What to do. Beginning with the line that contains "A young African", reproduce every line through the end of the records below exactly, and leave the pictures out.

Captioned web image data:
• • • • • • •

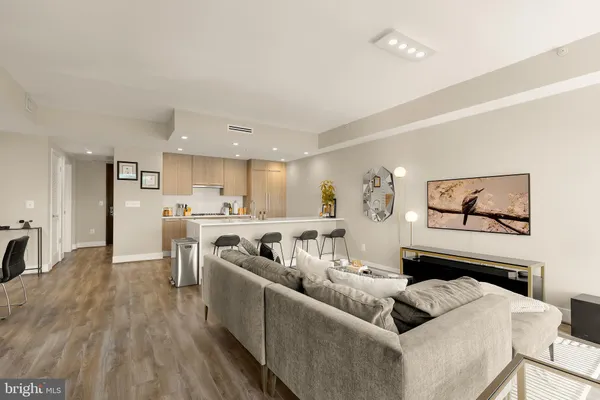 a living room with furniture and kitchen view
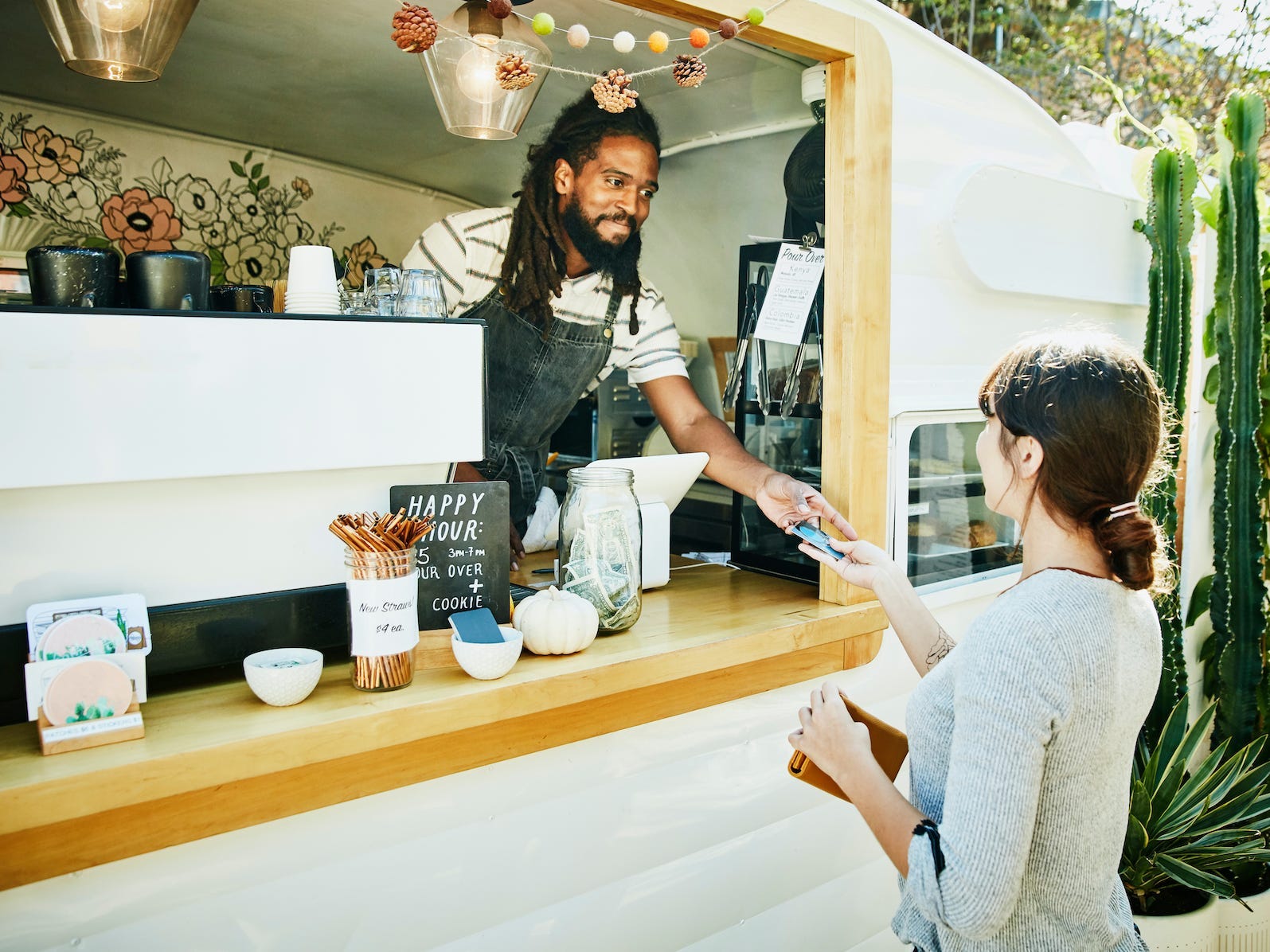 food truck owner taking credit card for payment from customer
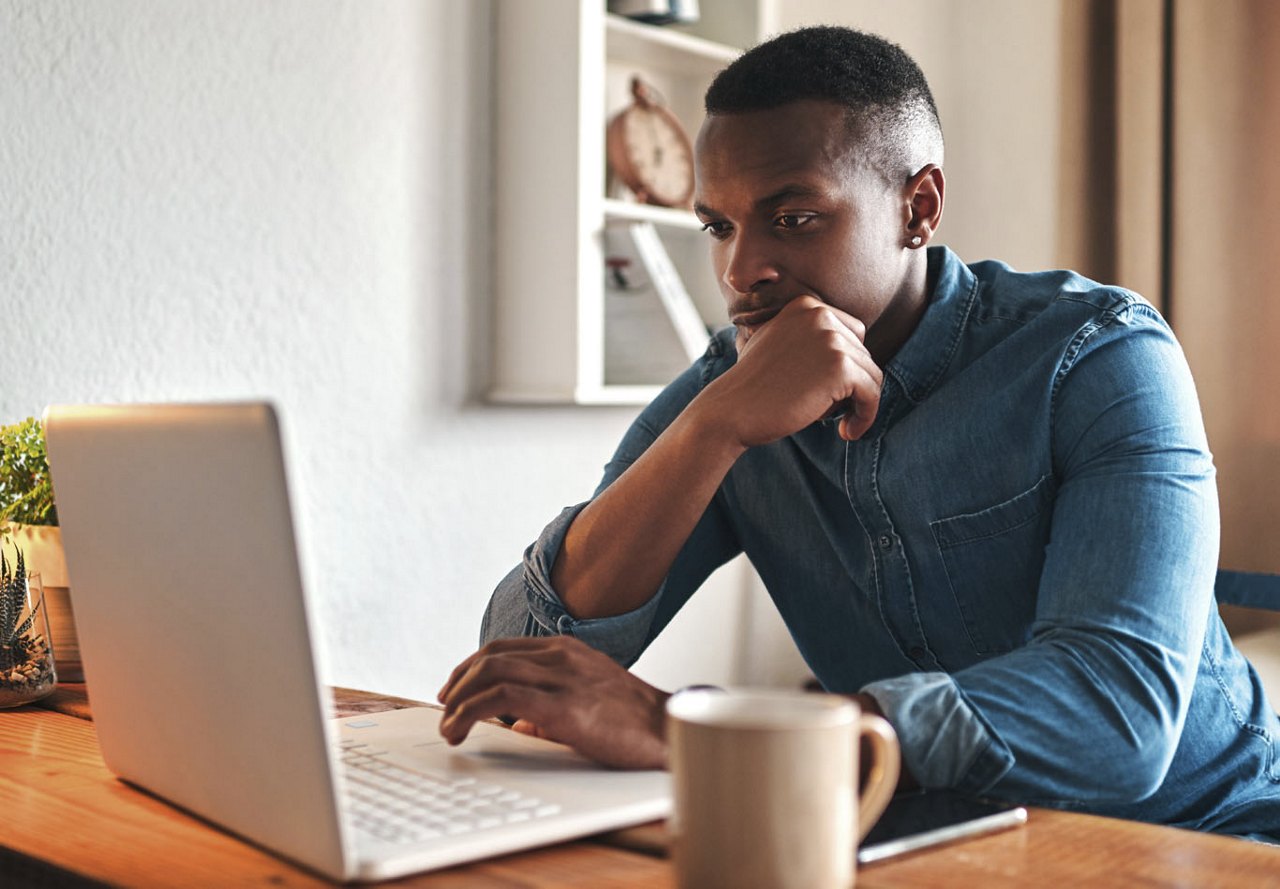 A young African American man sitting at a computer with a cup of coffee, preparing to research his next apartment community. The background features stylish home decor, creating a cozy and focused workspace.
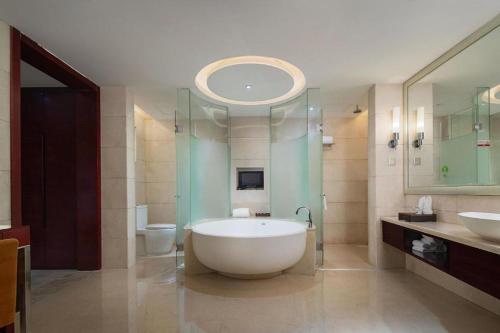 un bagno con vasca, lavandino e WC di White Swan Hotel ChangSha a Changsha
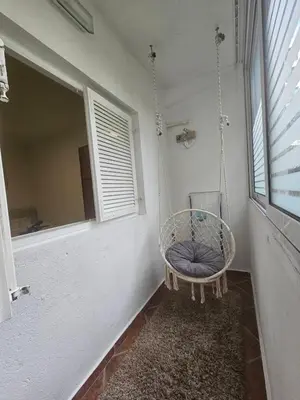 a swinging chair in a room with a window at Perovic 23 in Rafailovici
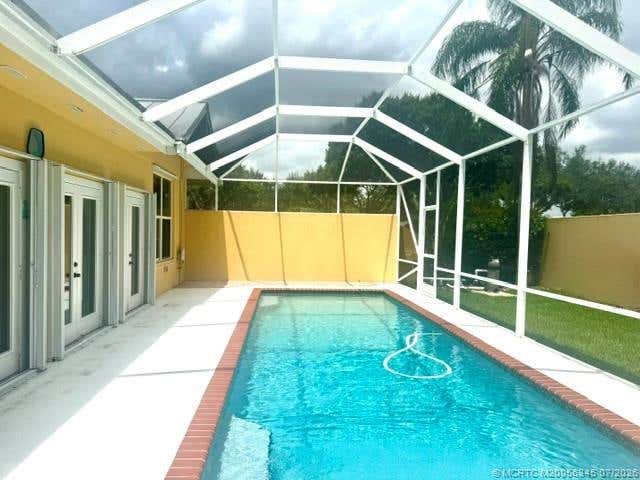 Photo of 2699 SW Prospect Place, Palm City, FL 34990 (MLS # M20056345)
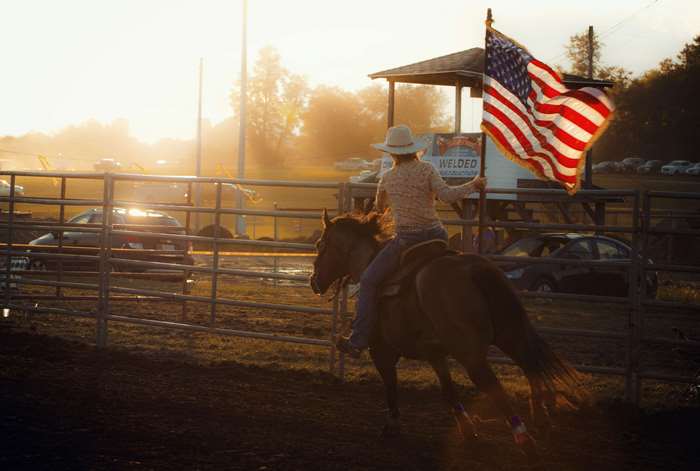 Cowgirl with American Flag at Rodeo Sunset 4K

• • • • • • •

Answer.
 A young African American man sitting at a computer with a cup of coffee, preparing to research his next apartment community. The background features stylish home decor, creating a cozy and focused workspace.
 un bagno con vasca, lavandino e WC di White Swan Hotel ChangSha a Changsha
 a swinging chair in a room with a window at Perovic 23 in Rafailovici
 Photo of 2699 SW Prospect Place, Palm City, FL 34990 (MLS # M20056345)
 Cowgirl with American Flag at Rodeo Sunset 4K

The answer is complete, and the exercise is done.